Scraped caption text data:
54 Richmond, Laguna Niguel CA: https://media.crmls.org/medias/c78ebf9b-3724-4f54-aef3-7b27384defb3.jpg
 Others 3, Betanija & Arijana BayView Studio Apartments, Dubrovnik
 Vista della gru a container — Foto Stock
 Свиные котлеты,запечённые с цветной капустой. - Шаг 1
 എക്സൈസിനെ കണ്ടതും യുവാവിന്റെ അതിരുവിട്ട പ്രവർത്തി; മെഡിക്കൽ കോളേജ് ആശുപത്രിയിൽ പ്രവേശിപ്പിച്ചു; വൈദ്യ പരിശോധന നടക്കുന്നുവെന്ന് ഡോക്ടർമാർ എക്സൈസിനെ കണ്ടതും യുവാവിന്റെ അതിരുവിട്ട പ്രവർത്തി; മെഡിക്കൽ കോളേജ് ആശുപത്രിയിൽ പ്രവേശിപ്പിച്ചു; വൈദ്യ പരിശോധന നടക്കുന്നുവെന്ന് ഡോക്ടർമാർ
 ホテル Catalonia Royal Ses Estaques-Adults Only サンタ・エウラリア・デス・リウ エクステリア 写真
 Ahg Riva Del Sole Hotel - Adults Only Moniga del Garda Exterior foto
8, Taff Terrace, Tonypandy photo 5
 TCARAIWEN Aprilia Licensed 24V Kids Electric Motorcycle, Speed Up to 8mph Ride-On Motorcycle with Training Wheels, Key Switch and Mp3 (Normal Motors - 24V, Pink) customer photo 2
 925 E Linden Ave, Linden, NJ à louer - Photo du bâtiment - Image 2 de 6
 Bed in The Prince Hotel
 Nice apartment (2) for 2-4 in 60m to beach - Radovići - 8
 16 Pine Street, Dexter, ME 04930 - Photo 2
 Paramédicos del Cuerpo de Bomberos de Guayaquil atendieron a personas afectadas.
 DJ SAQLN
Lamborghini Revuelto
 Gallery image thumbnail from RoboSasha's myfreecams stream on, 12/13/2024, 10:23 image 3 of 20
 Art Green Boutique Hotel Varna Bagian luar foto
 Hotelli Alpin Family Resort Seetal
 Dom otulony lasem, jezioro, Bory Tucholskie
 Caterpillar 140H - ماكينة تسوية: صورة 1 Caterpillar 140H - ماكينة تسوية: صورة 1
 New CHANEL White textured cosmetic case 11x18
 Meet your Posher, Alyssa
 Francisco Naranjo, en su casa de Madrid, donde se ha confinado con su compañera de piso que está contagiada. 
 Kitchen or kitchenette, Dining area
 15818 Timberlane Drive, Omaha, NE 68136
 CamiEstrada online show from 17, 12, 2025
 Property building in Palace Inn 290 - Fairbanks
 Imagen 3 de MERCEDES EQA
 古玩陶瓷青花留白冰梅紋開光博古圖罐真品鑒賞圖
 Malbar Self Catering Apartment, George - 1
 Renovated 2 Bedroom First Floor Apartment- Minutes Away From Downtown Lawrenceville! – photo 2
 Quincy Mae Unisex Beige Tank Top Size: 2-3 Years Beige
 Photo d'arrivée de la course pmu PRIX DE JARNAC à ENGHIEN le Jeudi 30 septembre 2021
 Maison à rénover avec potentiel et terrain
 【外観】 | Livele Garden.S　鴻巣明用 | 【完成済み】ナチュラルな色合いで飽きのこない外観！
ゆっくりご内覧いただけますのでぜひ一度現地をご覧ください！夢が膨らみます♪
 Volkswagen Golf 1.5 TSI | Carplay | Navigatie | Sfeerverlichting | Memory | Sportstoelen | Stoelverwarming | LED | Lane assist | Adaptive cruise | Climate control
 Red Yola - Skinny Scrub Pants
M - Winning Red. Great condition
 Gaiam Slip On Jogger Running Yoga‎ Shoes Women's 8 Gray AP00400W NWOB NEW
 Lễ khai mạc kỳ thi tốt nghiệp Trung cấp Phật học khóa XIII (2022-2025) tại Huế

=== PROMPT ===
Tally the lines of the records that contain the word "Adults", then give only the tally.

=== RESULT FOR THIS TASK ===
2